In a signal of political difficulties to come, comedian and populist leader Beppe Grillo, who holds the balance of power, ruled out voting for any government led by the traditional parties but said his 5-Star Movement could back individual laws.
The Treasury sold the maximum planned amount of 4 billion euros of the new 10-year bond but the yield it had to offer jumped to 4.83 percent, the highest since October but still well short of levels of more than 6 percent seen in June.
"They got it done.

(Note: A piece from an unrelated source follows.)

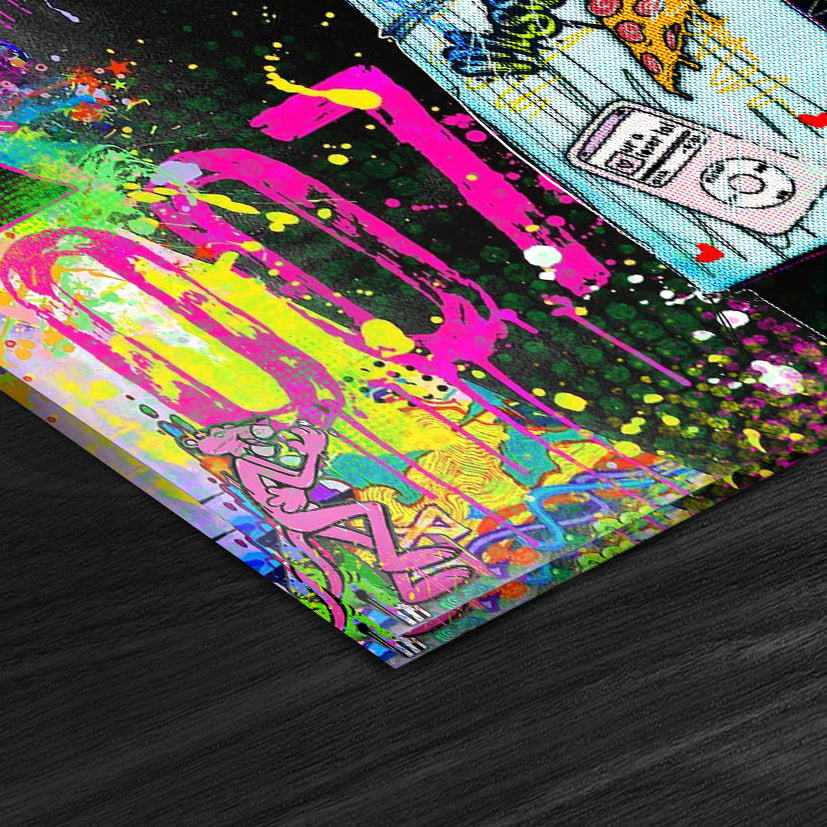 Mr.James Bond "Pop Art"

The yields are higher than anything they've done for quite some time but that's hardly a big surprise," said Elisabeth Afseth, a rate strategist at Investec.

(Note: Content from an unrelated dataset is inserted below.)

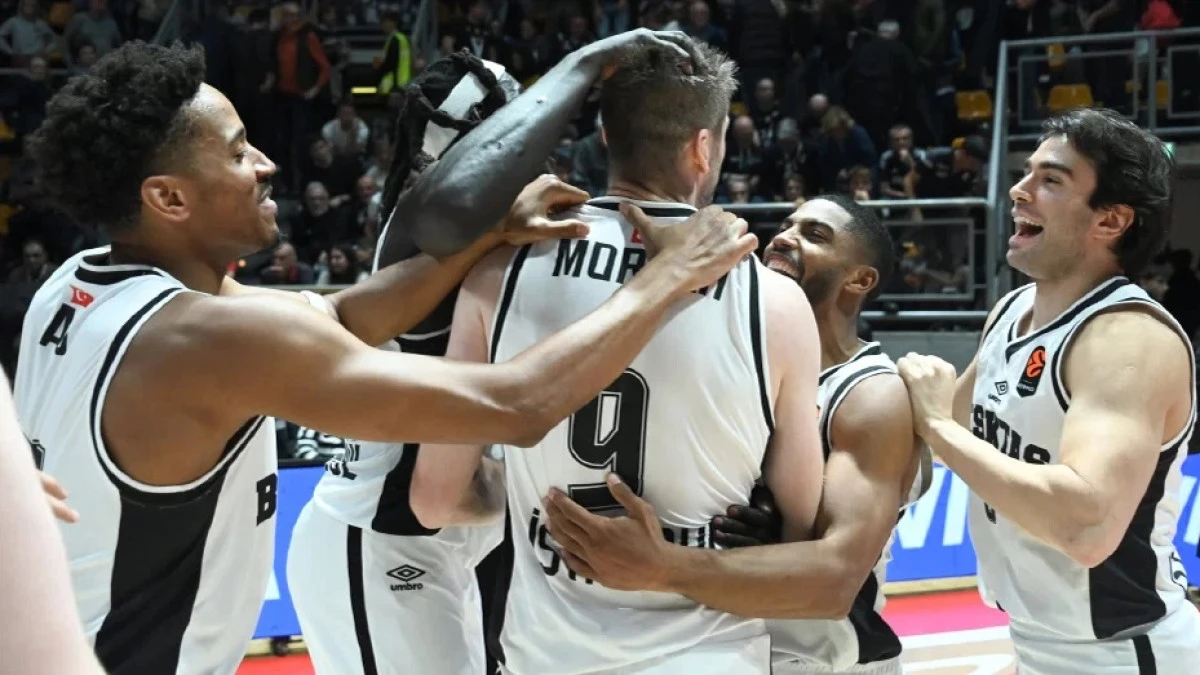Beşiktaş İtalya'da son saniyede galip:103-101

Yields in the secondary market were, however, a little easier than on Tuesday, when financial markets across the globe fell sharply after an election which left no party with enough support to form a parliamentary majority.

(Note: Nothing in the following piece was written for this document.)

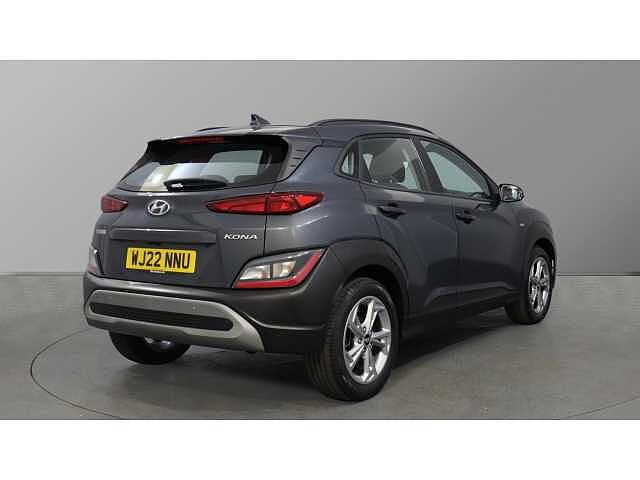 Hyundai Kona KONA 1.0 TGDi 48V MHEV SE Connect 5dr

There were signs that foreign investors stayed away from the auction because of the political uncertainty, leaving Italian institutions to buy up most of the paper.
"Demand for both lines was relatively solid, probably led by domestic accounts which took advantage of higher yields," wrote Newedge strategist Annalisa Piazza.
"It's clear that foreign accounts played no major role at today's auction as the political risk remains high."
The bid-to-cover ratio was a healthy 1.65 - bids totalled 6.6 billion euros - and Italian debt prices and European stocks briefly rose on Wednesday after the results, with investors relieved that the sale had gone smoothly.
Rome's 10-year yields in the secondary market fell 7 basis points to 4.83 percent having reached almost five percent in the morning ahead of the sale.
Even at this level, however was well down on the 6.19 percent in June, before the European Central Bank's pledge to buy government bonds of weaker euro zone countries, which defused the euro zone debt crisis at the time.
Italy also issued 2.5 billion euros of a five-year bond on Wednesday, paying a yield of 3.59 percent, up from 2.94 percent one month ago.
An auction of six-month bills on Tuesday also saw yields on short-term debt rise sharply compared with the previous sale.
The Italian Treasury had taken advantage of a benign market environment at the beginning of this year to cover more than 20 percent of its total 2013 refunding needs estimated at 420 billion euros.
In the case of a protracted political stalemate, however, Italian banks would have to continue absorb the largest part of the country's debt, with foreign investors sitting on the fence.
The dramatic surge of Grillo's anti-establishment 5-Star Movement dominated an election which left the centre-left bloc with a majority in the lower house but without the numbers to control the upper chamber.
That left the parties to try to build an alliance between forces that have so far shared nothing but deep mutual hostility. The alternative is an early return to the polls.
Pier Luigi Bersani, head of the centre-left Democratic Party (PD), has the difficult task of trying to agree a "grand coalition" with conservative former premier Silvio Berlusconi, the man he blames for ruining Italy, or striking a deal with Grillo, a completely unknown quantity in conventional politics.
On Wednesday, Grillo said 5-Star would support individual measures in parliament on merit but would not give a confidence vote to any government led by traditional parties.
Moody's Investors Service said the outcome of the vote could be bad for Italy's credit rating because it raises the possibility of new elections.
Standard & Poor's said policy choices by the next government would be crucial for Italy's creditworthiness, underlining the need for a coalition that can agree on new reforms to improve the country's growth outlook.
The technocrat government headed by Mario Monti pulled Italy from the brink of a Greek-style financial collapse in November 2011 and triggered a gradual decline in its borrowing costs.
Monti, however, struggled to pass the kind of structural reforms needed to improve competitiveness and lay the foundations for a return to growth.
The country has been stuck in recession since mid 2011 after recording average growth of less than 0.3 percent between 2000 and 2010, the third lowest in the world, ahead of only Zimbabwe, Eritrea and Haiti.